● **Task details**: Every line from the one with "Paper cut of" up to and including the one with "Unisex T-Shirt mit" is to be output exactly as it appears below; pictures are not.

● **Records shown**:

──────────────────────────────

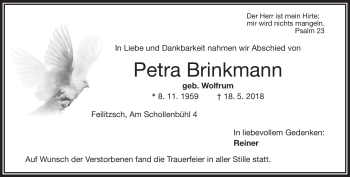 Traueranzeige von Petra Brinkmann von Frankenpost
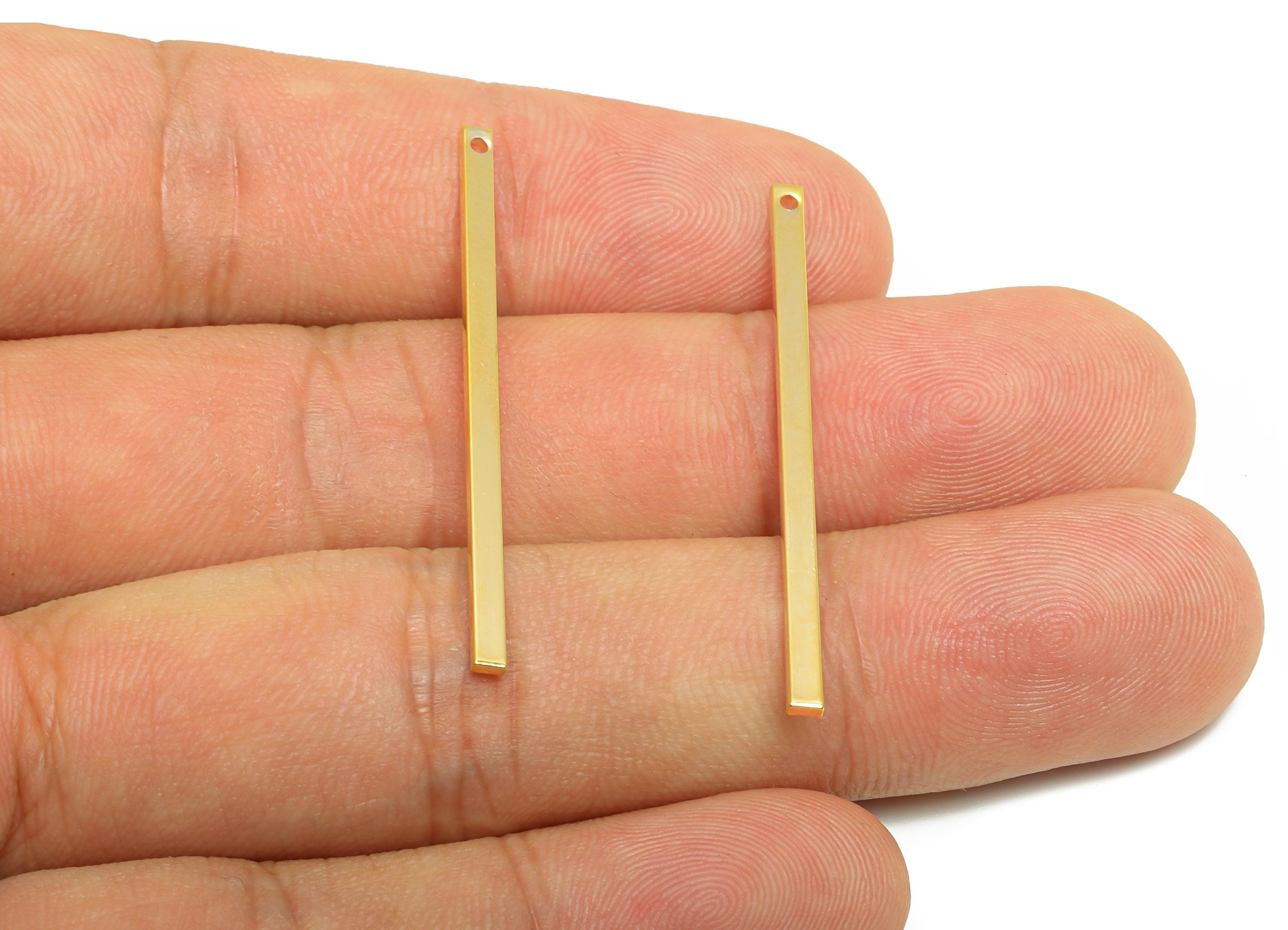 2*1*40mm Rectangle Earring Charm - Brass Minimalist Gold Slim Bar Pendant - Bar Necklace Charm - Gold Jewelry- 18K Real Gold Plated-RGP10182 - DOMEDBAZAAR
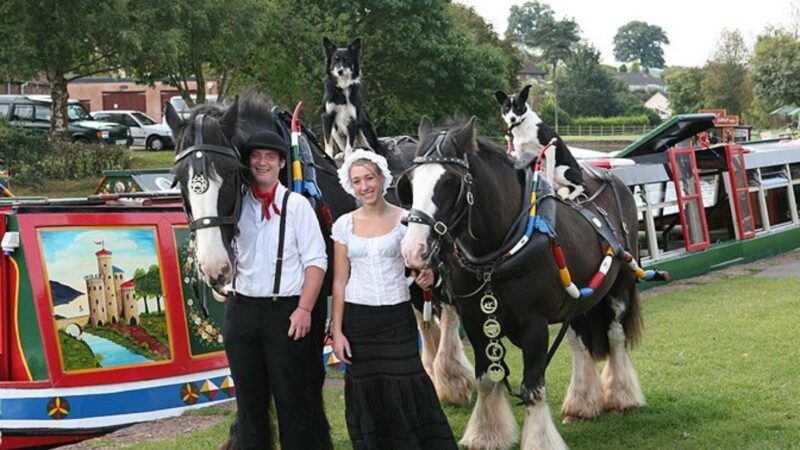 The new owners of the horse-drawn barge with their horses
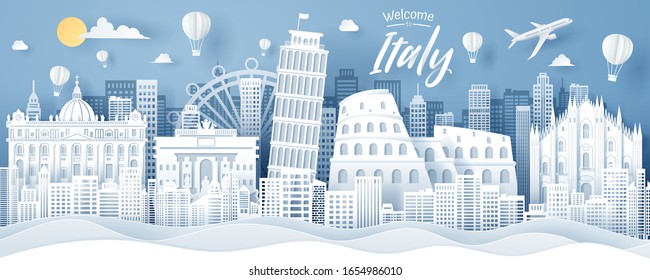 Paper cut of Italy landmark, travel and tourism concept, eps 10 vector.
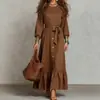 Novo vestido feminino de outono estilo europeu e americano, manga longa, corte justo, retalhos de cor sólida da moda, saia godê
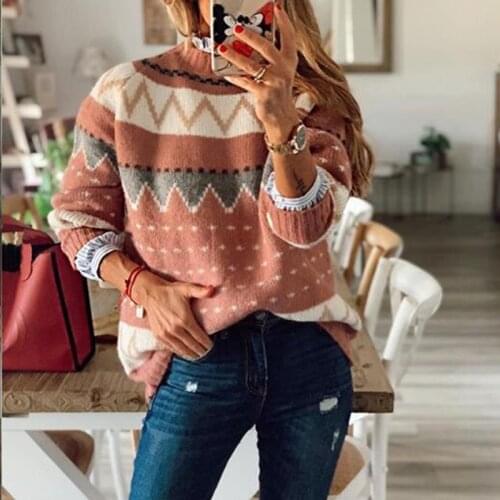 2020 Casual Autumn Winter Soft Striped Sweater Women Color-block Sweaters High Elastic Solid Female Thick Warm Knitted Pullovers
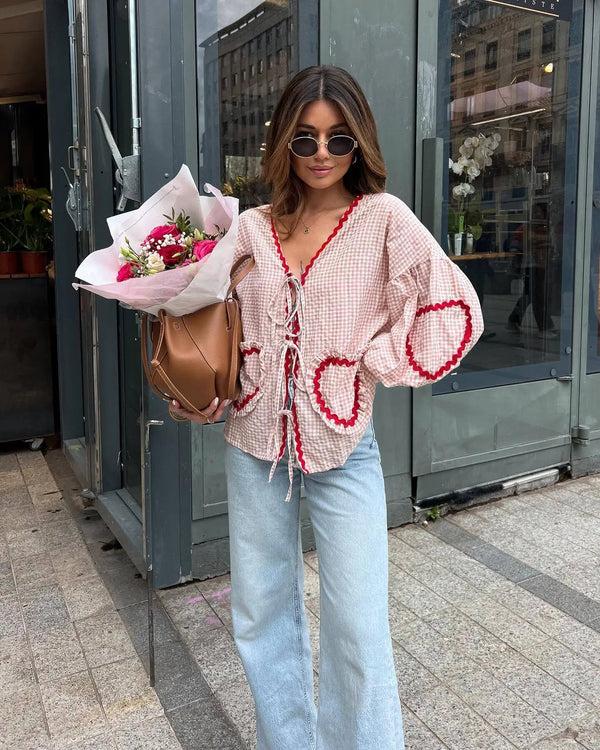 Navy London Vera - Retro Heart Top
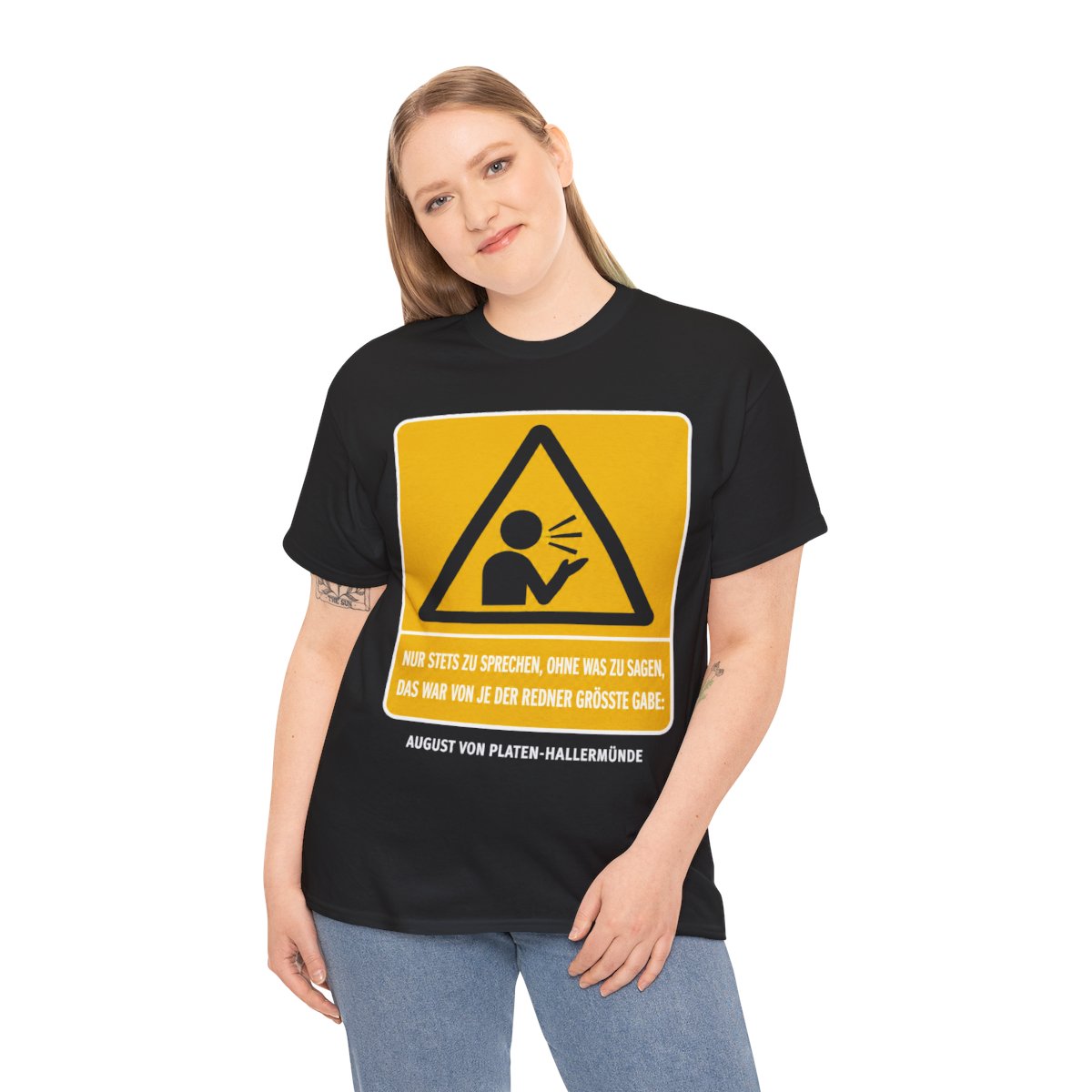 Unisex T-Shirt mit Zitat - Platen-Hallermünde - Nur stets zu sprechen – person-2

──────────────────────────────

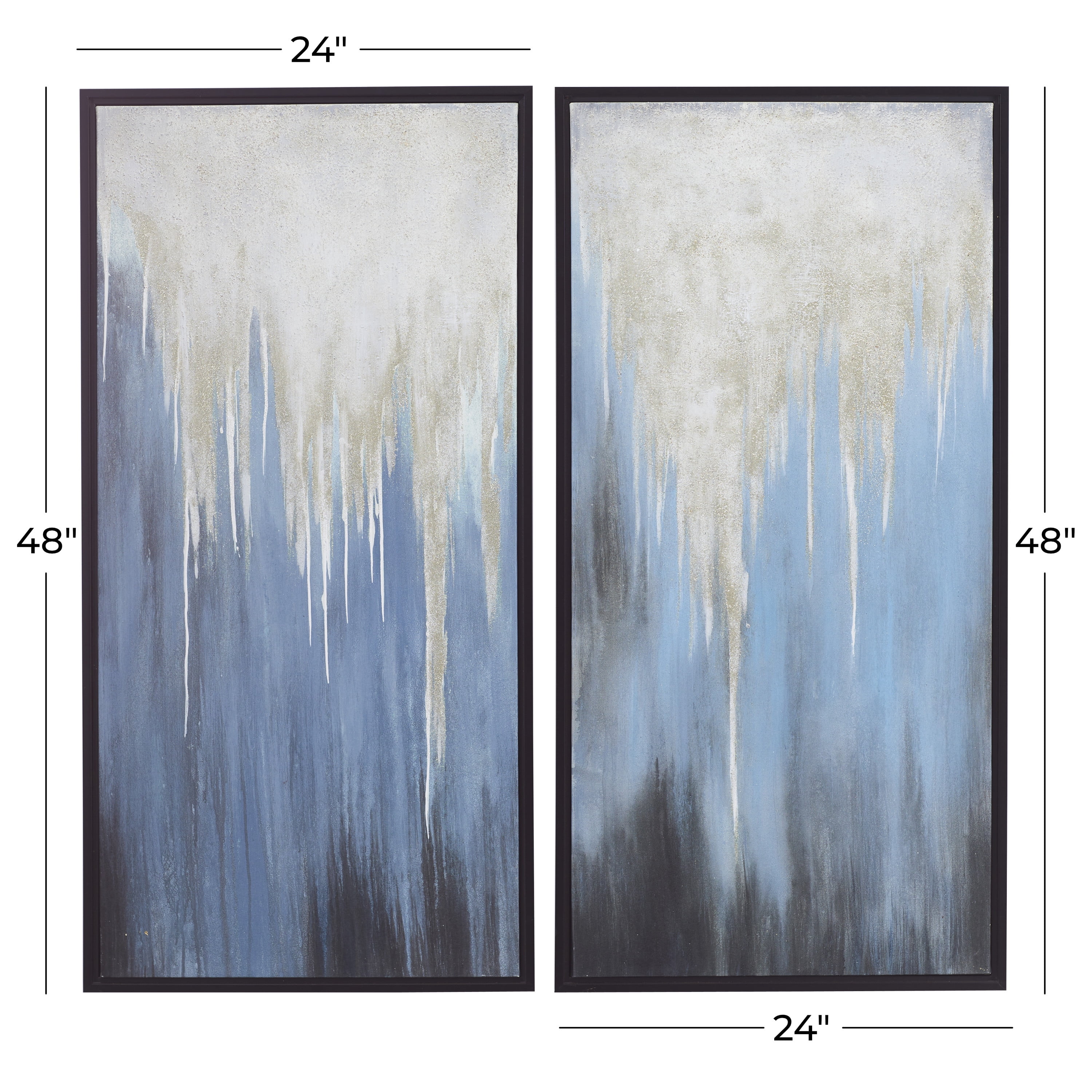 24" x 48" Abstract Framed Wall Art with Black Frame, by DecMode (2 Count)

──────────────────────────────

● **Your solution**:
 Paper cut of Italy landmark, travel and tourism concept, eps 10 vector.
 Novo vestido feminino de outono estilo europeu e americano, manga longa, corte justo, retalhos de cor sólida da moda, saia godê
 2020 Casual Autumn Winter Soft Striped Sweater Women Color-block Sweaters High Elastic Solid Female Thick Warm Knitted Pullovers
 Navy London Vera - Retro Heart Top
 Unisex T-Shirt mit Zitat - Platen-Hallermünde - Nur stets zu sprechen – person-2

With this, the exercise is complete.